Les Mongols restèrent un moment pour soutenir Pansy mais durent ensuite rentrer chez eux afin de s'occuper de leurs propres bêtes. En revanche, Ron resta à ses cotés avant d'admirer discrètement ses efforts pour remonter le moral de ses enfants. Vers quinze heures, Pansy sursauta en entendant du bruit puis Ginny, Arthur, son épouse, Harry et même Georges sortirent du poêle malgré l'heure matinale à Londres. Molly se précipita aussitôt sur la Serpentarde afin de l'enlacer ainsi qu'Odval puis montra son panier empli de victuailles dont de nombreux gâteaux pour les enfants. Les jumeaux surpris firent ainsi la connaissance des Weasley sans se douter de la fascination de Georges à leur vue.
Ensuite, le Gryffondor fut chargé de distraire les enfants grâce à ses nouveaux articles pendant que les Britanniques discutaient avec leur mère. Au cours de la conversation, Harry donna à Pansy un exemplaire de La Gazette du Sorcier où la Serpentarde abasourdie nota sa photographie et celle de ses enfants en gros plan avant de lire l'article qui leur était consacré. Elle nota avec soulagement la retranscription exacte de ses propos puis l'adresse de Rita Skeeter qui suscitait la sympathie à l'égard de la jeune femme sans pour autant tomber dans la caricature ou la flagornerie. Par contre, elle n'avait pas épargné Toorj décrit comme un homme borné et dont la haine maladive envers les Chinois lui fit briser sa famille pour des malentendus.

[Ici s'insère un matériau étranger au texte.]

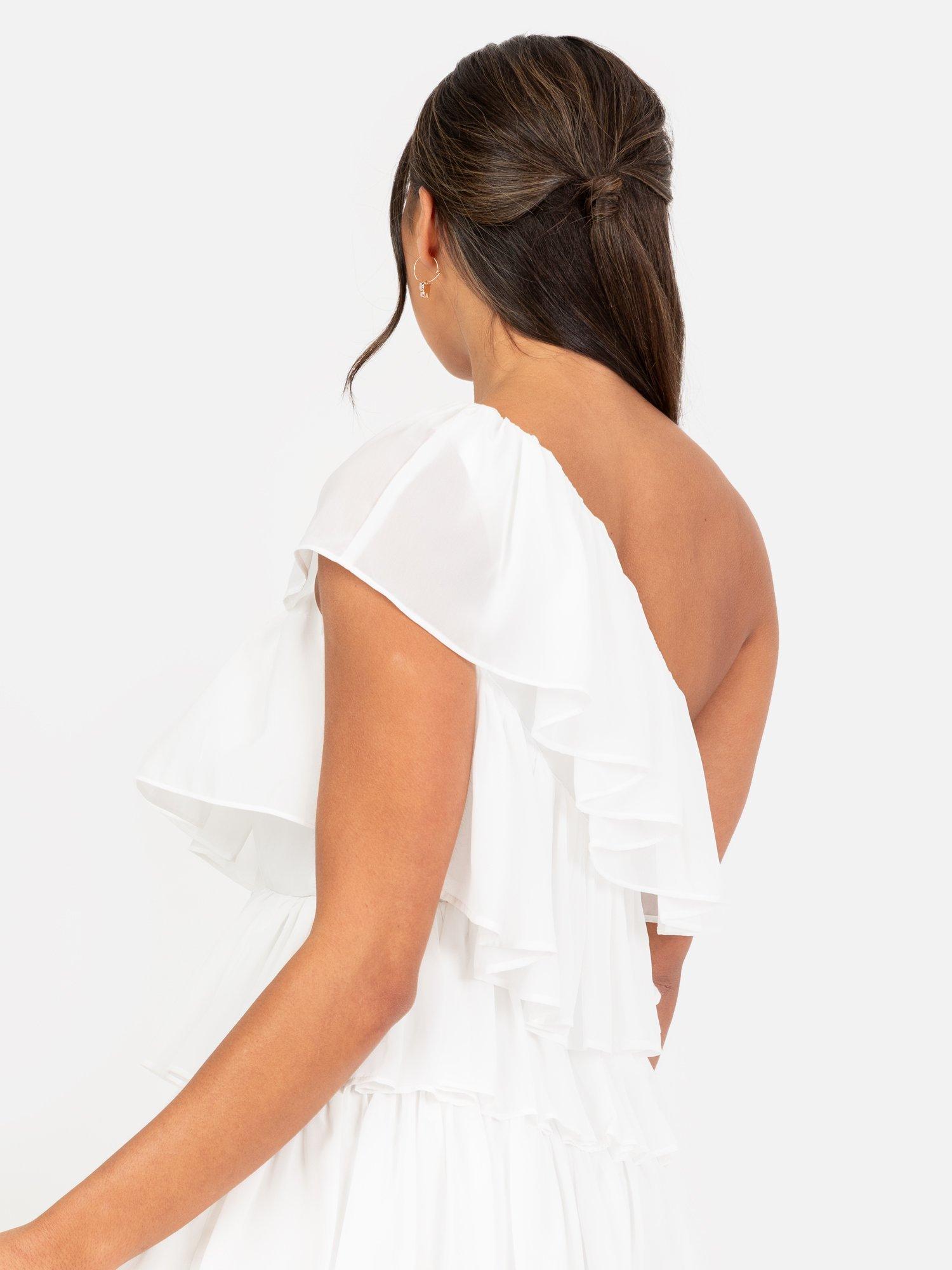 Product image 5 of 6, which shows Anaya With Love Asymmetric Tiered Mini Dress, White, 6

Au cours de la lecture, Pansy nota la présence de la photographie où Potter lui serrait la main de afin de démontrer publiquement son pardon. Par contre, elle soupira à la vue du cliché pris après sa transformation avant de contempler l'adolescente terrifiée en train de tenir le portrait de l'ancienne Pansy Parkinson. Harry nota son trouble mais affirma que cette exposition médiatique était un mal nécessaire afin de susciter la sympathie et obtenir son retour en Grande-Bretagne où ses enfants pourraient vivre sereinement loin de leur père incapable d'affronter sa seconde femme pour renouer le dialogue avec eux malgré les caprices de cette mégère.
Pansy acquiesça puis demanda aux autres si son départ ne deviendrait pas une espèce de fuite car le véritable défi serait d'affronter Toorj en restant ici. Toutefois, Ginny la convainquit de tout faire pour rentrer car il ne s'agissait pas seulement de sa vie mais de l'équilibre de ses enfants. Ces derniers entendirent les derniers propos et rejoignirent leur mère en affirmant vouloir partir d'ici après avoir vu leur père les dénigrer encore une fois même s'il tenta ensuite de s'excuser. Pansy peinée refusa de les entendre parler ainsi car Toorj resterait leur papa, néanmoins, les petits garçons lui demandèrent de tout faire pour s'installer très loin en Grande-Bretagne au lieu de les envoyer à l'école ici où ils subiraient encore les moqueries des autres même si ce ne serait plus au sujet de leur mère mais de leur père cette fois-ci. En guise de preuve, Nansal montra à sa mère les messages reçus de la part de ses camarades ce matin. La Serpentarde peinée soupira face à la cruauté inconsciente des gosses en général avant de promettre à ses fils de faire de son mieux dans l'espoir d'obtenir l'autorisation de rentrer en Grande-Bretagne.